DVC speakers just open up different wiring options to achieve whatever ohm load is optimal for the particular amp you're using. People don't usually have an amp per coil with DVC speakers. Usually a DVC 4 ohm speaker would be wired for 2 ohm or 8 ohm or a DVC 2 ohm would be wired to 1 ohm or 4 ohm. Add in multiple subs and you can change it up to your needs. This sort of thing is much more common in car audio with 1 ohm stable amps and such. This sub was probably meant to run in multiples of 3. 3 DVC 6 ohm parallel would be 2 ohm for the class D amps or 3 DVC 6 ohm ran series (12 ohm) for each sub then parallel would be 4ohm for the class A/B amps.

Like I said personally I think he'd be fine wiring it at 3ohm mono as long as he has adequate ventilation and not abusing it for long periods of time. IB is pretty efficient (though less so since he'd only be using one sub, with IB in house you usually see at least 4 subs) so I think with proper care 3ohm could be ok, though not necessarily recommended. I'd gather the protection circuits would at kick in first, you could wire it 3ohm mono for a bit and see if it triggers and if it does use a channel for each coil then.

FWIW I ran an old school Rockford Fosgate 200.2 at 2ohm mono (only rated for 4ohm mono) off a PC PSU for nearly a year before buying a pro amp and the RF amp would only get a little warm.


----------



## schmiddr2 (Aug 25, 2012)

I am going to try it ported. What volume/tuning should I go with? I have a 4" aero port that I would like to use.

EDIT: I got some Birch plywood and plan to do 4 cu. ft. as WinISD suggests tuned to 23Hz. With about 600W it should be an improvement over the SUB1200. What I don't know is which direction to face the sub and the port.


----------



## schmiddr2 (Aug 25, 2012)

Enclosure is cut and waiting to be assembled. Any input on how to face the sub and port?


----------



## |Tch0rT| (May 2, 2013)

I'd place the driver and port on the same side of the box. Check out this website:
http://www.trueaudio.com/st_ventq.htm

After you build it then experiment with if you want front, rear, up, or down firing. That's more personal preference or if you have a way to measure then see which way measures best.


----------



## schmiddr2 (Aug 25, 2012)

A friend was selling a BNIB SI HT-18 DVC 2-ohm, so I bought that. Will be putting it in 4.3-4.5 cubes, wiring it in series, with a 4 ohm final impedance the amp should put out 1,100W.

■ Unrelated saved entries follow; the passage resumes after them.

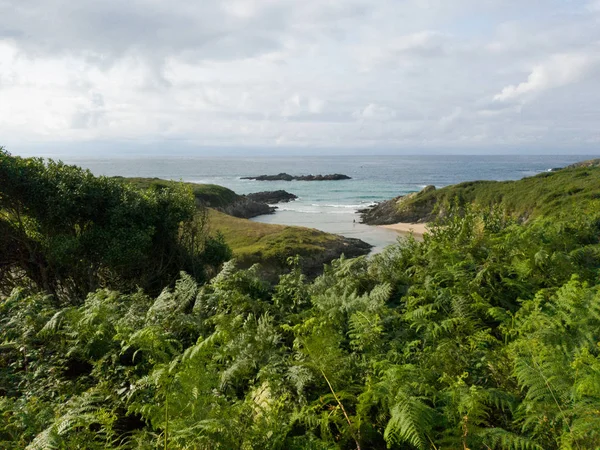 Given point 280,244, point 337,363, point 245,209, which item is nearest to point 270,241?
point 280,244

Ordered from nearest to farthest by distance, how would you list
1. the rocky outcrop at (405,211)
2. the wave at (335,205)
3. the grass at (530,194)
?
the grass at (530,194) < the rocky outcrop at (405,211) < the wave at (335,205)

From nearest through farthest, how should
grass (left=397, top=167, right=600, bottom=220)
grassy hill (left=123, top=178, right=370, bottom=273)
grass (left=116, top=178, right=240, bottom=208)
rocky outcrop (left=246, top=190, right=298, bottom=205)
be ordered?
grassy hill (left=123, top=178, right=370, bottom=273) → grass (left=397, top=167, right=600, bottom=220) → grass (left=116, top=178, right=240, bottom=208) → rocky outcrop (left=246, top=190, right=298, bottom=205)

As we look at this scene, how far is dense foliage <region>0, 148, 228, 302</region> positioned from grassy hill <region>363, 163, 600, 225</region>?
26.8 meters

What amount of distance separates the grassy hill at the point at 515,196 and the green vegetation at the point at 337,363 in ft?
95.3

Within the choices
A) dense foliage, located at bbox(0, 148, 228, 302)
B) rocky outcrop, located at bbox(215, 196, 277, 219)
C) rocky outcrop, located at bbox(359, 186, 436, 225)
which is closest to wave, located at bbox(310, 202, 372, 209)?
rocky outcrop, located at bbox(215, 196, 277, 219)

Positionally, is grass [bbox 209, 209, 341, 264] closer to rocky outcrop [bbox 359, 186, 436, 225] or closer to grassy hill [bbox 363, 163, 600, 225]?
grassy hill [bbox 363, 163, 600, 225]

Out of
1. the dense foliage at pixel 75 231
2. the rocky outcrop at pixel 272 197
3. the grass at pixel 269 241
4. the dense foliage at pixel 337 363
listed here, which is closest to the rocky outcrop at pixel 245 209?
the rocky outcrop at pixel 272 197

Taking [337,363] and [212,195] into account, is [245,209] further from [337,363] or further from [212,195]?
[337,363]

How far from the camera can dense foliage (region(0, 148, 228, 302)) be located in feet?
39.3

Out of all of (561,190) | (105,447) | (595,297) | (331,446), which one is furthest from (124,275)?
(561,190)

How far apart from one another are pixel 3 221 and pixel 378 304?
39.1 feet

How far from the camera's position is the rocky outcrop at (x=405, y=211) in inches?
2409

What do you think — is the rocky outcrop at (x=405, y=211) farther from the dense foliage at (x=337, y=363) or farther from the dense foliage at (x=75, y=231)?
the dense foliage at (x=337, y=363)

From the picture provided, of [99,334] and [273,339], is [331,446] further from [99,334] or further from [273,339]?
[99,334] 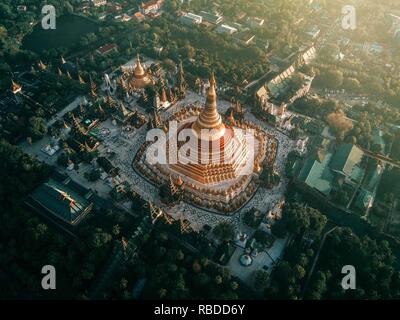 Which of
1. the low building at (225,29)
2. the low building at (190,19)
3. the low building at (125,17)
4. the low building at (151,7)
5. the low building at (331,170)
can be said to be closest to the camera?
the low building at (331,170)

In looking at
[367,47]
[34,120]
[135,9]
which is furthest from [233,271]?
[135,9]

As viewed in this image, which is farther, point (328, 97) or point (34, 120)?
point (328, 97)

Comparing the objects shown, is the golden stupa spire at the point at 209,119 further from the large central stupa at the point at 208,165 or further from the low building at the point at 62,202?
the low building at the point at 62,202

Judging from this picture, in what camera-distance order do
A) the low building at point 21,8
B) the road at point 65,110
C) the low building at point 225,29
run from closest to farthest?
1. the road at point 65,110
2. the low building at point 225,29
3. the low building at point 21,8

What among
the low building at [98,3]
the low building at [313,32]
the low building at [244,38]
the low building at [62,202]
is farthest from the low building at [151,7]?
the low building at [62,202]

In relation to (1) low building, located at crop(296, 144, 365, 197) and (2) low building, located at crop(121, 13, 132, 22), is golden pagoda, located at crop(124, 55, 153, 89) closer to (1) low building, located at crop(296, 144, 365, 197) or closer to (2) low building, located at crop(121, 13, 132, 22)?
(2) low building, located at crop(121, 13, 132, 22)

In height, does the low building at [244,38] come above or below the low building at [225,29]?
below

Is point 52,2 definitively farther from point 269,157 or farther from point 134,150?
point 269,157

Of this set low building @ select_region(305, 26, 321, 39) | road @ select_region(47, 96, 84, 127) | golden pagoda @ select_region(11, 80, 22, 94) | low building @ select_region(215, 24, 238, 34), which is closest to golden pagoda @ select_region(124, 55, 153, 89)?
road @ select_region(47, 96, 84, 127)

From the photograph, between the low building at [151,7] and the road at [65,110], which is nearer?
the road at [65,110] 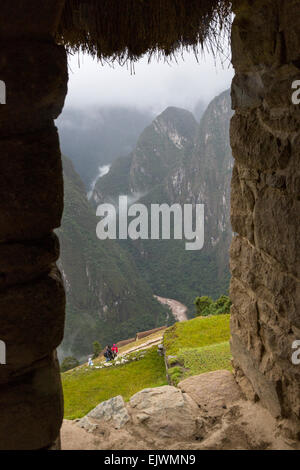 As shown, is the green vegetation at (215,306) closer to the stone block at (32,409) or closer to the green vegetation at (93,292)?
the stone block at (32,409)

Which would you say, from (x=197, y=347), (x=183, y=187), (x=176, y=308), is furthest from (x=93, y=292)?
(x=197, y=347)

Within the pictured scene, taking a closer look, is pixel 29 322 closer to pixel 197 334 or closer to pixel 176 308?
pixel 197 334

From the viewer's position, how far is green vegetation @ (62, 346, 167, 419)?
5.27 meters

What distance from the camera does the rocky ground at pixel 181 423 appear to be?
2139mm

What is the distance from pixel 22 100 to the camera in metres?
1.35

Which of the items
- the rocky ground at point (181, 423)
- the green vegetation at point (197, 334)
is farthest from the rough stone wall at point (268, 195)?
the green vegetation at point (197, 334)

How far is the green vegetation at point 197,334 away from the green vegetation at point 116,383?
0.44 meters

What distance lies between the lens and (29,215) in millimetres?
1396

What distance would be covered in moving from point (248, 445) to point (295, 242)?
1.09 m

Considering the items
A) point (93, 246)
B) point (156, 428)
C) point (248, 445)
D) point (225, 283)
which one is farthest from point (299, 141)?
point (225, 283)

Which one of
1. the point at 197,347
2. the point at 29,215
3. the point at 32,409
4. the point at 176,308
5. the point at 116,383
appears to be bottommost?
the point at 176,308

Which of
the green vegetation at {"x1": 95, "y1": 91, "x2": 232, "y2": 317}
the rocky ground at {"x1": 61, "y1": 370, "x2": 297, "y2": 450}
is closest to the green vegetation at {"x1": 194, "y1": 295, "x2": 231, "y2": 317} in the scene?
the rocky ground at {"x1": 61, "y1": 370, "x2": 297, "y2": 450}

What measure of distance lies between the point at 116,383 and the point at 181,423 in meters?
3.79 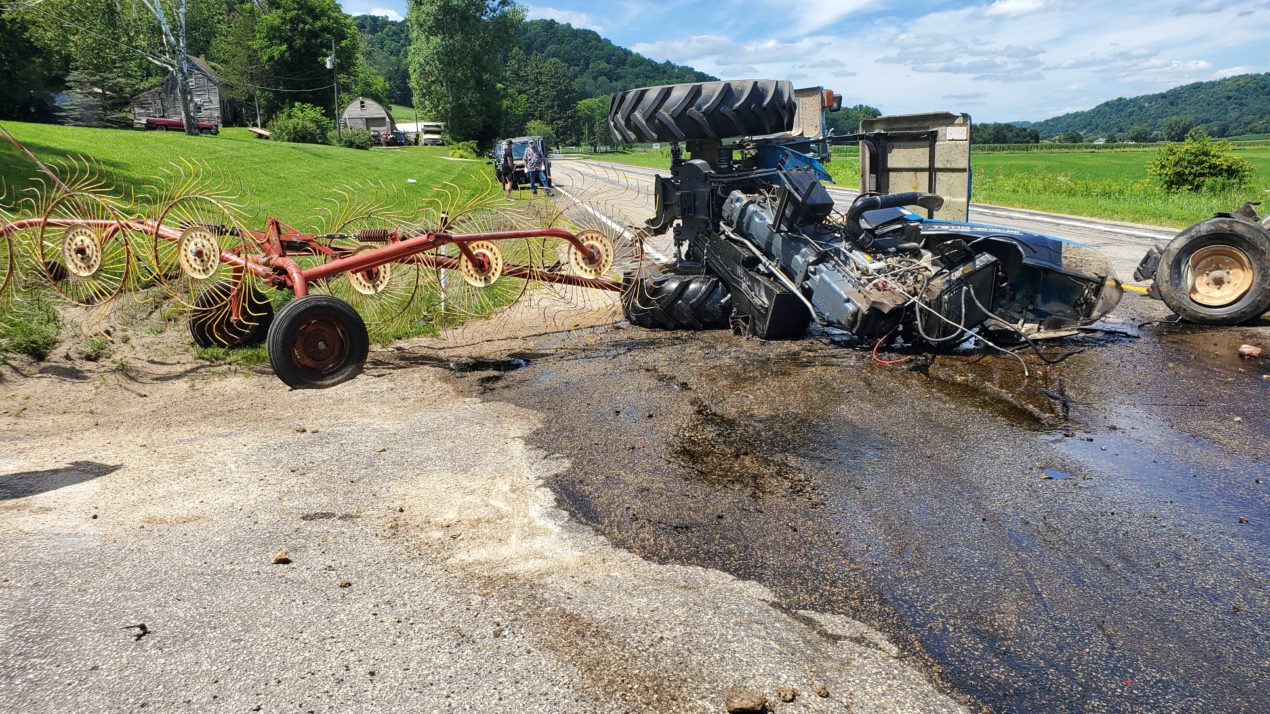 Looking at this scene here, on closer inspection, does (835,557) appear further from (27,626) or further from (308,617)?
(27,626)

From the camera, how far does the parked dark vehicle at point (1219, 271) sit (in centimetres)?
735

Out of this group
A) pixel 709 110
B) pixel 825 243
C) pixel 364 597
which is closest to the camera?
pixel 364 597

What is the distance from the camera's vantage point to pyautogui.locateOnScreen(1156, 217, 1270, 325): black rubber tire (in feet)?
24.0

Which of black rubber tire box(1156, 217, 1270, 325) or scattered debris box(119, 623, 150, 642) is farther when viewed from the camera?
black rubber tire box(1156, 217, 1270, 325)

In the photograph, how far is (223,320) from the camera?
8039 millimetres

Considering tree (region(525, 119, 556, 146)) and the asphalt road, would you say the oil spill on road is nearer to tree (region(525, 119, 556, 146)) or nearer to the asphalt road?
the asphalt road

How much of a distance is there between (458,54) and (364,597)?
7017 cm

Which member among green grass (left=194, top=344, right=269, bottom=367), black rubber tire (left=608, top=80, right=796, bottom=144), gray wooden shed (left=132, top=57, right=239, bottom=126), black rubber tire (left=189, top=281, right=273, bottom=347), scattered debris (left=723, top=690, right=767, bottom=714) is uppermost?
gray wooden shed (left=132, top=57, right=239, bottom=126)

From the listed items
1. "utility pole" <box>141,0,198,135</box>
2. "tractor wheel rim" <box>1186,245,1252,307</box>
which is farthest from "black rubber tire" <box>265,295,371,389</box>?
"utility pole" <box>141,0,198,135</box>

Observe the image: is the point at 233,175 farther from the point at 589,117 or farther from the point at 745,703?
the point at 589,117

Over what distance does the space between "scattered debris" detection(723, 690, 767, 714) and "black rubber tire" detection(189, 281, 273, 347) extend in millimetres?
6497

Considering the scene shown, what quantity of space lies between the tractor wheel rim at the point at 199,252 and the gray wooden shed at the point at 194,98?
7141 cm

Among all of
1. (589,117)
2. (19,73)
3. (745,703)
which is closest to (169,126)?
(19,73)

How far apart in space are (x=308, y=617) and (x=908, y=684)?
7.31ft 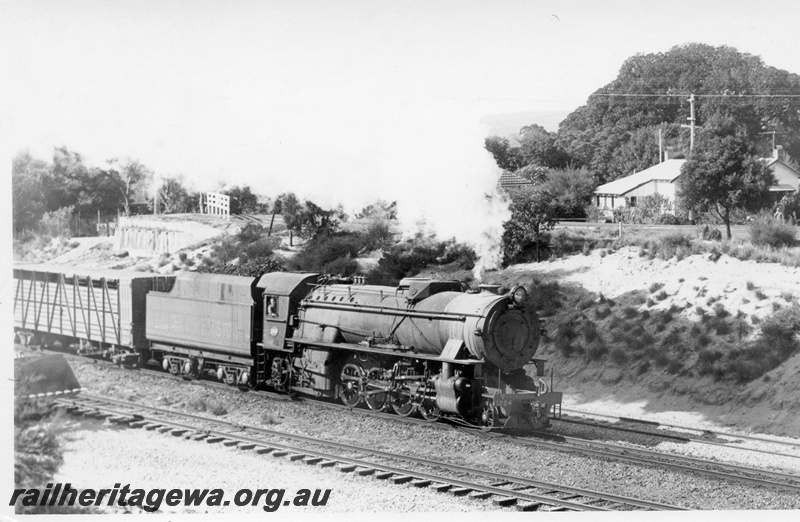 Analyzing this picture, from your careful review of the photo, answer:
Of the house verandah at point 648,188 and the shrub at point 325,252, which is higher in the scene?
the house verandah at point 648,188

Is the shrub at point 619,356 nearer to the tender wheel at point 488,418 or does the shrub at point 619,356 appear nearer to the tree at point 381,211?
the tender wheel at point 488,418

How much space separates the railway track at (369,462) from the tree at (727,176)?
20.8m

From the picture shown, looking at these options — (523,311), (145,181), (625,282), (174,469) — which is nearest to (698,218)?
(625,282)

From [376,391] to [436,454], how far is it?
3265mm

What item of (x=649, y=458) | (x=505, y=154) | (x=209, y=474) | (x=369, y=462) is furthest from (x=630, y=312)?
(x=505, y=154)

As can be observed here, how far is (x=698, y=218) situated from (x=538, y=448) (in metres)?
24.3

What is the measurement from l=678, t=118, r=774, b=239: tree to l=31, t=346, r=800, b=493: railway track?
17.4 m

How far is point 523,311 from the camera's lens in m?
18.4

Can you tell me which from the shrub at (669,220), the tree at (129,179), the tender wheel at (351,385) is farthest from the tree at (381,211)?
the tender wheel at (351,385)

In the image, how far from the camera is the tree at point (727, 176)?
107 feet

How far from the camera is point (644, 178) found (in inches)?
1897

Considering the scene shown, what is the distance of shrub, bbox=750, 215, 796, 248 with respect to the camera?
29.0 metres

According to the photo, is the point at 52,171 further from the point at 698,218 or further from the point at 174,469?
the point at 698,218

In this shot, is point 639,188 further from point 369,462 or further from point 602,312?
point 369,462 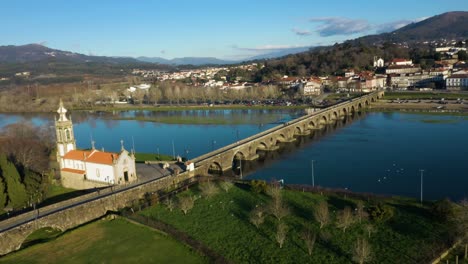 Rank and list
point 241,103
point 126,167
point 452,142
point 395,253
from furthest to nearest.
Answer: point 241,103, point 452,142, point 126,167, point 395,253

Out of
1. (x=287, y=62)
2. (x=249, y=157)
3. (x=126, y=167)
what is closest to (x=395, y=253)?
(x=126, y=167)

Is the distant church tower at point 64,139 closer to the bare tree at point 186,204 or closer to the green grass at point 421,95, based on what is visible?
the bare tree at point 186,204

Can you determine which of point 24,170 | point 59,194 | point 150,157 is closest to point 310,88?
point 150,157

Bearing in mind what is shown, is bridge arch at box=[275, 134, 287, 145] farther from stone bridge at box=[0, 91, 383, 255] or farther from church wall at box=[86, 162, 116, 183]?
church wall at box=[86, 162, 116, 183]

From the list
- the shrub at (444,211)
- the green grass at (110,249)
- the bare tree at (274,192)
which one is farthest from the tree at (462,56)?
the green grass at (110,249)

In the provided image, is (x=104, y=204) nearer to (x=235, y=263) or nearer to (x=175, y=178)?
(x=175, y=178)

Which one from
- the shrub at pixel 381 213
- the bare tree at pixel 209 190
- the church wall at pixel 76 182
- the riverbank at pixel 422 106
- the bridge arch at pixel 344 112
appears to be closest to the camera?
the shrub at pixel 381 213

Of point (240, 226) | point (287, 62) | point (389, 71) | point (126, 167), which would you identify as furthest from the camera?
point (287, 62)

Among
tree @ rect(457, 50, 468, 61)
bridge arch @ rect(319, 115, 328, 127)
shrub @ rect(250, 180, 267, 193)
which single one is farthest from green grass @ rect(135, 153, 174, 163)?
tree @ rect(457, 50, 468, 61) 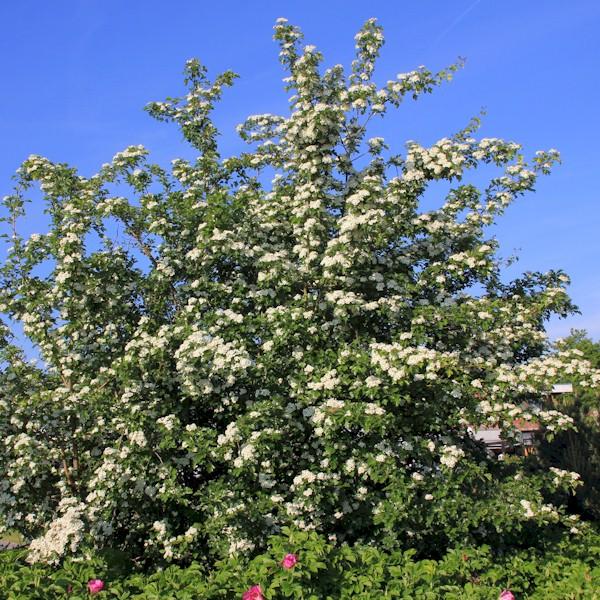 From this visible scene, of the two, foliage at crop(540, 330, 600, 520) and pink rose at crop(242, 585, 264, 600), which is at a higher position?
foliage at crop(540, 330, 600, 520)

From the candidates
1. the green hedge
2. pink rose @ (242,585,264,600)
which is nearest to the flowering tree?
the green hedge

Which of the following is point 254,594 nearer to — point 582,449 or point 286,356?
point 286,356

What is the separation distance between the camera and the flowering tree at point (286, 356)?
6.93 m

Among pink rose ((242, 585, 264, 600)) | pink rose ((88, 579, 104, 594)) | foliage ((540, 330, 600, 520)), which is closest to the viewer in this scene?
pink rose ((242, 585, 264, 600))

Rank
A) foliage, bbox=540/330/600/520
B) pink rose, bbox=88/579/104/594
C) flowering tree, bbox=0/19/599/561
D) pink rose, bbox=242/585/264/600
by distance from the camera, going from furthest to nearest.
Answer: foliage, bbox=540/330/600/520
flowering tree, bbox=0/19/599/561
pink rose, bbox=88/579/104/594
pink rose, bbox=242/585/264/600

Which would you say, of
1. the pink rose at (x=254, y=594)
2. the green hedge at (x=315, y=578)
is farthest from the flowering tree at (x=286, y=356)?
the pink rose at (x=254, y=594)

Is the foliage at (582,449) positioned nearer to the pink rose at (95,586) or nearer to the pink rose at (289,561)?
the pink rose at (289,561)

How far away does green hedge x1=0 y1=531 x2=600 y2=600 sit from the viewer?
4.95m

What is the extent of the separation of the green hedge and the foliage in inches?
227

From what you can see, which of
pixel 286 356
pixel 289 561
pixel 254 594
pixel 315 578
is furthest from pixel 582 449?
pixel 254 594

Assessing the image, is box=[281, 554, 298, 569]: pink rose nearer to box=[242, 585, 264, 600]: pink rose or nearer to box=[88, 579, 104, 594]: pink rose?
box=[242, 585, 264, 600]: pink rose

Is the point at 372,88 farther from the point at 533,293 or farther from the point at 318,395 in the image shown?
the point at 318,395

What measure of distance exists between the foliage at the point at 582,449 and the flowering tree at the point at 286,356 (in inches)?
108

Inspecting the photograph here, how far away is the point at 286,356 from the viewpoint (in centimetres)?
782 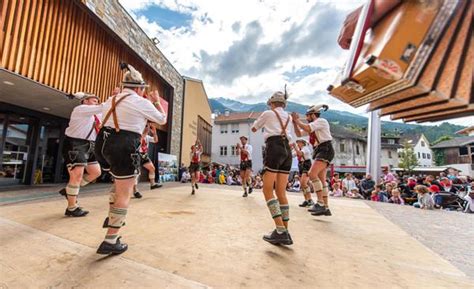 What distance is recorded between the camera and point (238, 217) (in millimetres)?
3312

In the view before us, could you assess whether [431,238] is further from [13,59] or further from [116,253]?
[13,59]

Saving the JBL for later and no more having to worry about matching channel outputs over and over till I get the gain right.

Thanks for all the advice guys. It really did help me straighten things out in my thinking.


----------



## |Tch0rT| (May 2, 2013)

Ah you're thedude over at EMSQ! I saw that F/S thread, I was so tempted to grab both of those but I'm not ready for them just yet. Enjoy your new sub, I bet that thing is going to POUND hardcore. :hsd: :T


----------



## schmiddr2 (Aug 25, 2012)

Haha, yeah, that's me, I recognize your name now.

It's crazy that those HT18's came up for sale right now, and for that price, I'm thrilled. Was getting real bored with the SUB1200, I think this new build will cure that.


----------